Friday, September 16, 2011
Five Questions-- Daddy
My Dad was a Soldier, though for a short period of time before my birth, but his stories still created a framework for my childhood. When I was in fourth grade, he met and soon married my stepmother who served in the Active Air Guard. I admittedly do not know many male spouses of military members, but I'd love to get their perspective on what it's like to be married to a military member. The fact that my Dad once wore the uniform himself gives him a different view of things as well.
Thank you, Dad. (Yes, it helped.)
1. What are some things you know now about military life that you wish someone had told you?
* I had never thought how hard it would be to watch instead of participate.
* I never saw that life as a female service member could be so threatening.
* Most things remain the same, but the real life adventures go on.
2. What is the most important thing you'd like to tell new spouses?
Get ready for the most frustrating, sometimes lonely, bureaucratic lifestyle you can imagine.
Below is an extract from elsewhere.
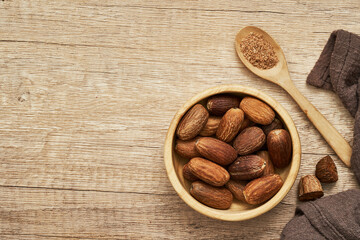 top view flat lay overhead nutmeg whole muscat nut in wood bowl on wooden table background. nutmeg whole muscat nut. pile of nutmeg whole muscat nut food background
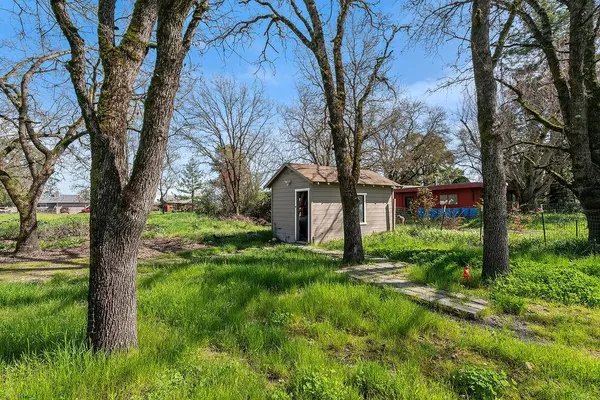 a view of backyard of house with green space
Then watch it be even worse at times.
3. What do/did you love the most?
That same bureaucratic lifestyle can be among the most warming.
4. What do/did you find the hardest?
The helplessness that comes of being on the sidelines and effectively a non-entity to that same bureaucracy.
5. Tell me a story that sums up military life for you.
As much as I thought I understood military life, and loved it, I had never experienced it as my wife did. I could not understand what she went through until I looked at her career differently.
My personal best story, for the altruistic camaraderie that always impressed me, was when I was responsible for saving a fellow soldiers life, by lying still. The fact that I took my only ride in a helicopter ‘mainlining’ my blood to another soldier proved that sometimes just being quiet can do a lot. He survived, and so did I. The main change would be in today’s world, the ‘typing’ of the blood would rely more on science than a line on a dog tag.